Da tassare il risarcimento per illegittimo comportamento del datore di lavoro, a condizione che esso attenga strettamente alla perdita di reddito connessa al rapporto di lavoro.
Perché possa essere escluso dalla tassazione Irpef, infatti, deve trattarsi di perdita di chance (danno emergente), e non già di mancata percezione di reddito, ad esempio per non avere potuto godere della pensione di vecchiaia, che è invece da ritenersi lucro cessante.

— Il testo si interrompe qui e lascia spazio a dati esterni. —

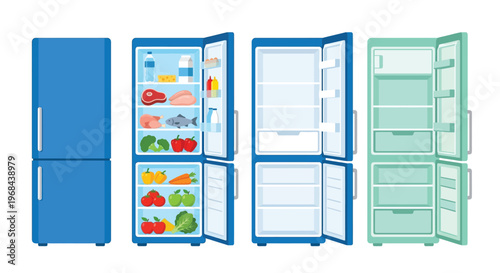 Three colorful refrigerators with open doors displaying various food items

Lo afferma l’ordinanza n. 5108/2019 della Cassazione, che, pure accogliendo un motivo del ricorso avverso la sentenza della Ctr Sicilia 321/16/2011 (il contribuente aveva eccepito validamente che i giudici del territorio non si fossero pronunciati sulla sua richiesta di escludere da tassazione il risarcimento ottenuto), decidendo nella «questione di puro diritto», gli ha comunque dato torto.

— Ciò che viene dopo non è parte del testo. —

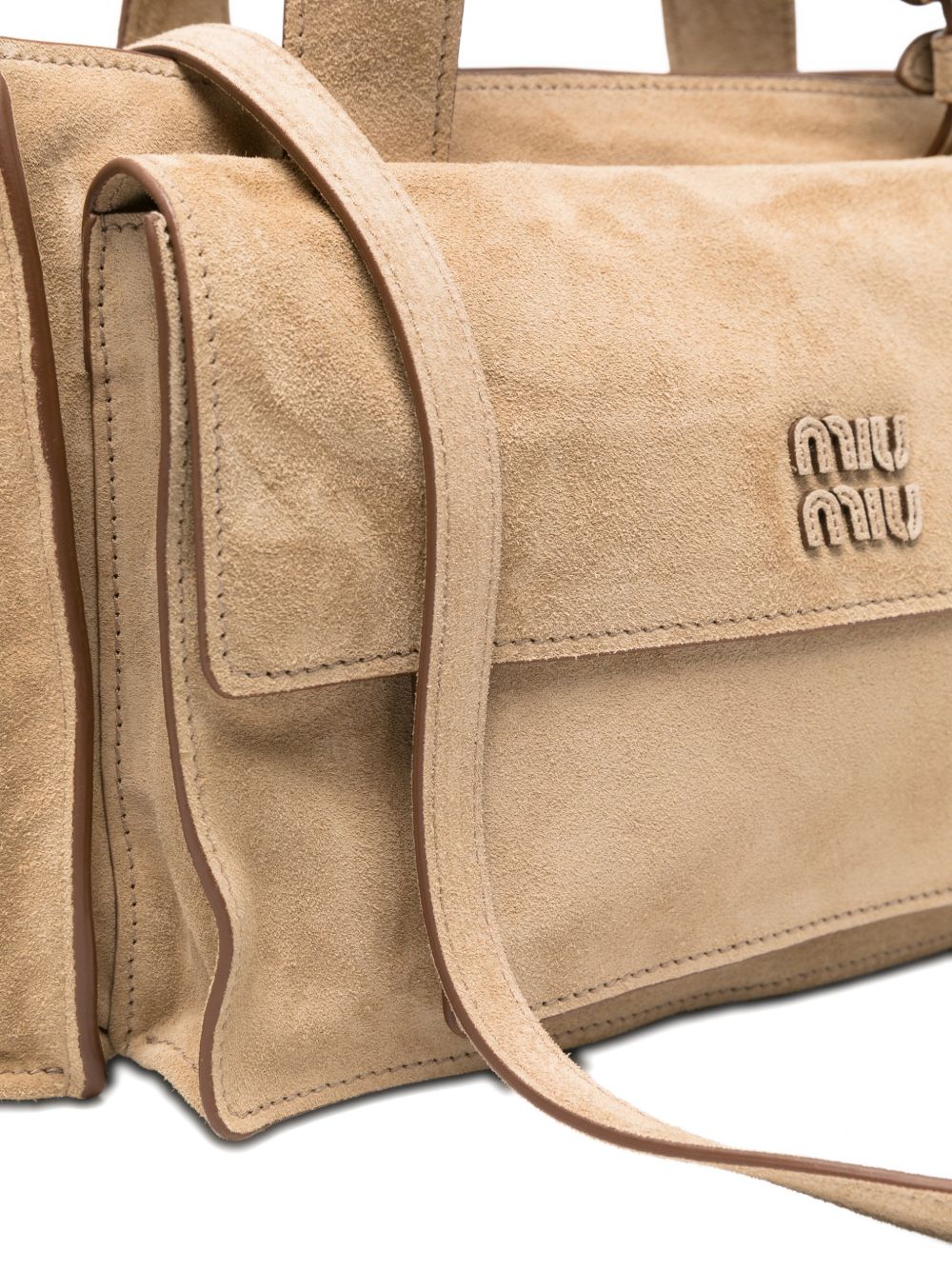Miu Miu Women Utilitaire Suede Leather Tote Bag MIU MIU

La vicenda traeva origine dalla cartella notificata al contribuente – pensionato dell’Arma dei Carabinieri – con la quale gli era stato richiesto il pagamento dell’Irpef su somme che gli erano state corrisposte quali «indennità per la risoluzione del rapporto per illegittimo comportamento del datore di lavoro», ritenute dall’ufficio assoggettate a tassazione separata, ai sensi dell’articolo 16, lettera b, del dpr 917/86 (nel testo ante riforma 2004). La Suprema corte si sofferma prima su altra contestazione del contribuente, riguardo alla decisione della Ctr che aveva escluso la illegittimità della notifica perché effettuata nelle mani della «addetta alla ricezione atti dello studio» – di cui il pensionato escludeva esserne titolare – ritenendo che ciò fosse da considerare solo un profilo della «nullità della cartella, ma non di certo l’inesistenza della stessa, anche tenendosi conto dell’insegnamento di questa Corte a sezioni unite (Cass. civ., s.u. 20 luglio 2016, n. 14916)», sanato dalla tempestiva presentazione del ricorso da parte del contribuente.

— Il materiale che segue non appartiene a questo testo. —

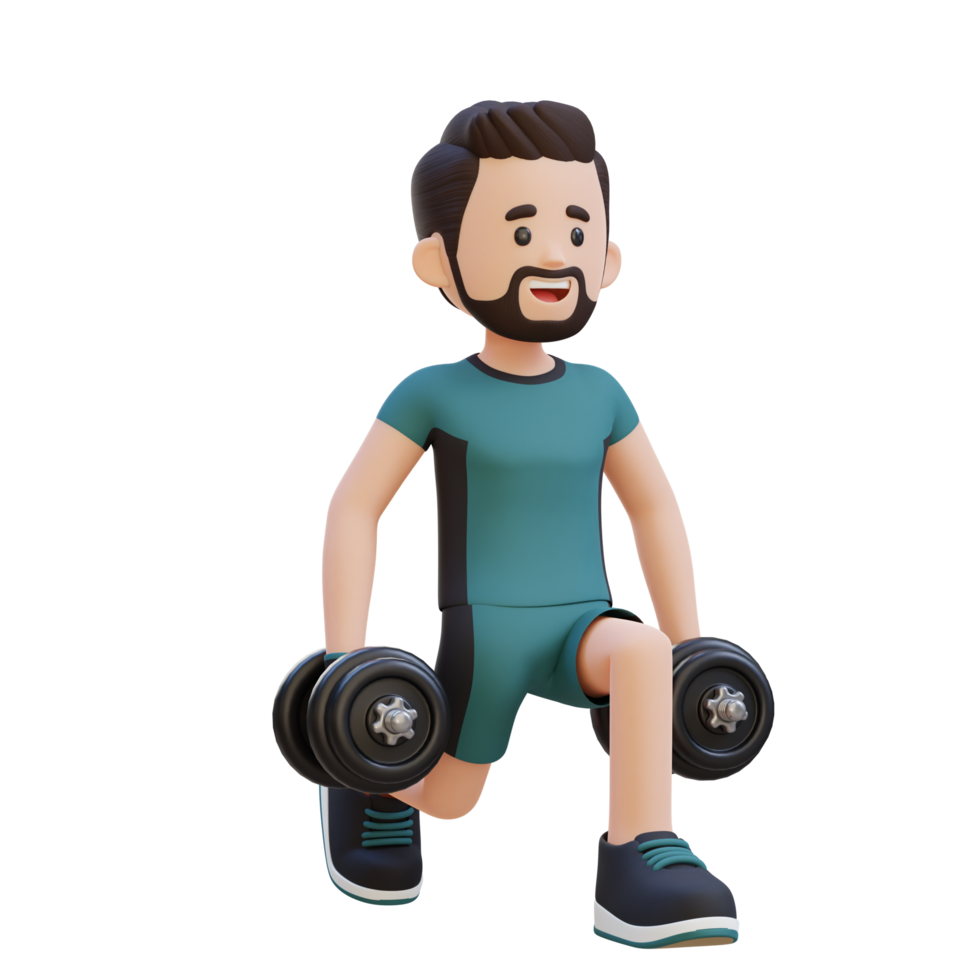 3D Sportsman Character Performing Dumbbell Split Squats left png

Risolta quindi tale questione, i giudici di legittimità osservano – anche sulla scorta di loro precedenti pronunce (Cass. civ., 24 novembre 2010, n. 23795) – che, per negare l’assoggettabilità ad Irpef di una erogazione economica effettuata in favore del prestatore di lavoro, deve prima essere escluso che essa trovi la sua causa nel rapporto di lavoro. E se ciò non fosse, non deve trovare «la fonte della sua obbligatorietà né in redditi sostituiti, né nel risarcimento di danni consistenti nella perdita di redditi futuri, cioè successivi alla cessazione od all’interruzione del rapporto di lavoro». E – prosegue la Suprema corte – se ciò non è, ad esempio per il caso di danno morale e di danno all’immagine il cui ristoro è risarcimento di «danno emergente relativo alla integrità psicofisica del lavoratore», altrettanto non può dirsi per il risarcimento riconosciuto – a seguito del licenziamento illegittimo – per la perdita della pensione di vecchiaia, in quanto «strettamente collegato alla mancata percezione dei redditi, quindi al lucro cessante».